Saturday, August 22, 2015

Keithley DMM7510 monitors Charger Doctor Output

The Charger Doctor is a sub $2 device that displays voltage and current levels while charging a USB device.  There have been several teardown write ups on the Charger Doctor.  It's useful, but does have some limitations.  For example, it doesn't charge iOS devices and it seems to effect the reliability of the WiFi connection on our Raspberry PIs.  This made us want to take a closer look at what the output was doing.

Here we use a Keithley DMM7510 to monitor the Charger Doctor output.  The DMM7510 is a precision instrument with 7.5 digits of resolution and 14 PPM accuracy.  It has a touch screen interface with graphical output, advanced triggering options, cursors, and a whole lot more.  Plus, it is fast (very very fast); capable of sampling at 1M/s.  To sum it up, it's pretty darn cool!

In the video the DMM7510 shows a decrease in voltage when the Charger Doctor displays current.  Also, some instability when displaying voltage.  But remember, the Keithley DMM7510 is a very sensitive instrument.  The change in voltage looks big on the screen, but it is really very small.
The overall voltage swing is only 7.536mV or 0.00753 Volts.  That's not a lot.
And taking a closer look at that instability when the Charger Doctor displays voltage we see that it is only 1.256mv peak to peak; that's just 0.001256 Volts.  Really, that seems exceptional for a sub $2USD device.
There is a lot of discussion on the web as to why iOS devices don't charge via the Charger Doctor.  With the stability shown, I'm not sure why the Charger Doctor effects the WiFi reliability of the Raspberry PI, but I can say it does.  We set the Keithley DMM7510 to camp on the Charger Doctor output signal and trigger on a larger glitch or voltage spike to give us a clue.  After about 15 minutes the Charger Doctor remained stable within the trigger limits and we moved on with our life.  We do have to take into account that the Charger Doctor was effectively unloaded while making these measurements and that could make a big difference.
Thanks for stopping by.

Saturday, May 23, 2015

PVC Pipe Based CNC Mill using Arduino

What hobbyist doesn't want a CNC machine?  But realistically, how many can really justify the need for one?  Not me, but we did want to learn about CNC machines and experiment with GCODE.  If you are wanting to do the same; keep reading...

We had an Arduino UNO sitting around doing nothing as well as some stepper motors we rescued out of an old laser jet printer.  That's a good start for the project, but some hardware/software to drive and control those stepper motors was still needed.  Oh, and some PVC pipe and connecting joints to construct a mill platform, don't forget that.
After a bit of searching we decided to use the Protoneer CNC Shield for Arduino.  You can get this shield for about $20US.  It comes completely unassembled, but a soldering iron and an hour or so of time fixes that.
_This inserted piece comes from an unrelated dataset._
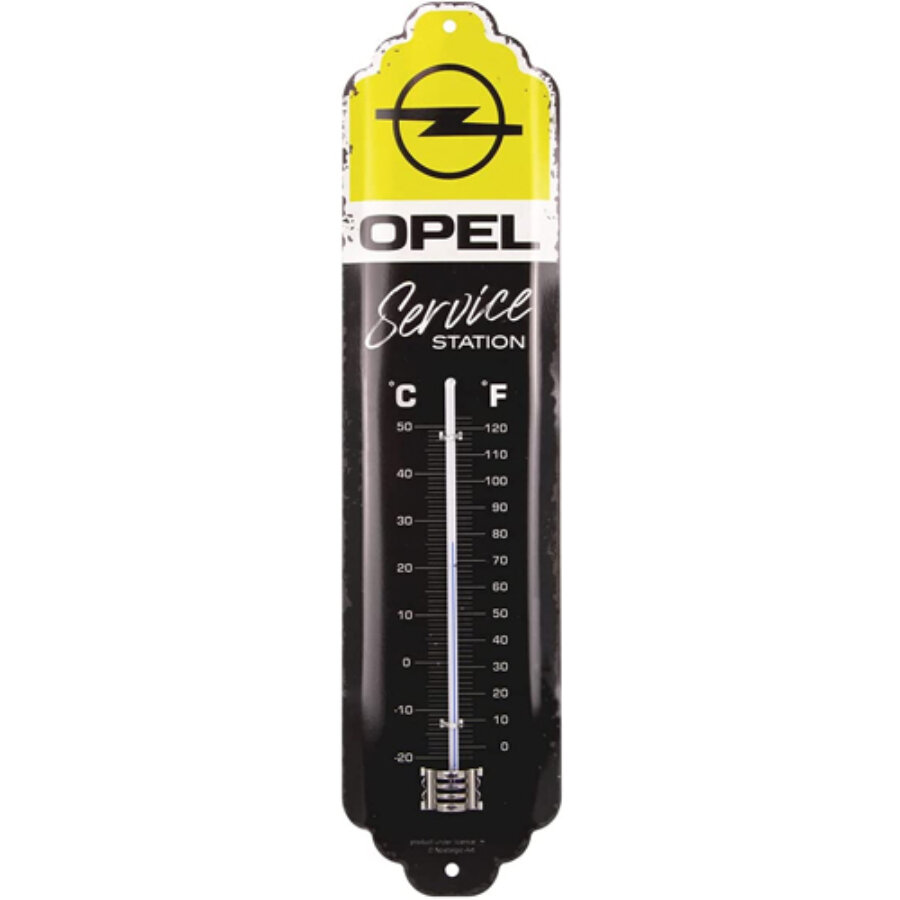 Nostalgic Art Retro Thermometer, Motiv Opel - Service Station, 1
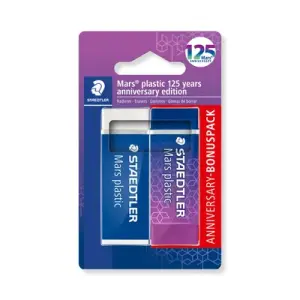 Staedtler Radierer Mars plastic BK, 125 Mars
Before assembly it looks like a bag of parts.  After assembly it looks like this:
The Protoneer CNC Shield plugs right into the Arduino UNO just like any other shield.  Of course, after you get it assembled you will want to test it.  But wait, first you will need some software to communicate with the Arduino and drive the Protoneer CNC Shield.  

The Protoneer CNC Shield is 100% GRBL compatible.  This is great because it provides you with several software options for CNC control.  I wanted something that was 1) free and 2) could be used with Windows or LINUX.  I experimented with SketchUp, f-engrave, and GCODESENDER.  In the end, I seemed to prefer GCODESENDER the best.  YMMV.
Here is my first test run controlling the X and Y axis steppers.  Ahhhh, the sweet sound of progress:

Then added the Z axis:
Before constructing the PVC "mill" I tested the rig on a Etch-a-Sketch.  Seems to work well enough to continue.
Next, thanks to Home Depot and their endless assortment of PVC accessories, the rig below was constructed.  I did not use any PVC glue and the slide rails for the milling tray were held on with P-clamps and larger diameter PVC 'sleeves' for bushing/linear bearing.  

Here are a few first run tests of the rig in motion:

Example of simple text:

A bit more elaborate example:
The rig works.  Could you create an elaborate 3D design with it?  Heck no, but that wasn't the point.  It was; however, a great learning experience.  With some effort, anyone could take this concept and improve it to something more useful if they desired.  If you choose to take that path, drop us a line to let us know how it turned out.  Thanks!

Wednesday, March 18, 2015

Handy RF Screen Room "Blinds" your Cell Phone

Nosey spouse?  NSA tracking you?  Just want to made sure you are not "available"?

If for some reason you want make certain your phone (or a visitors phone) is "blind" to location tracking, showing that iMessages are delivered, confirmation emails, GPS, etc. place the phone in a microwave oven.

Here we use a Tektronix RSA306 Real Time Spectrum Analyzer (which is located behind the PC screen) to demonstrate the effectiveness of a microwave oven as a RF screen room.  Notice the RSA306 can "see" WIFI/Bluetooth signals when the door is open.  When the door is closed anything inside the oven is "blinded" to all cell phone communications.  All of them.

If you want to hide your phone (or hide someone else's) from all network communications, put it inside a microwave oven.

Oh, and don't turn on the microwave with your phone inside!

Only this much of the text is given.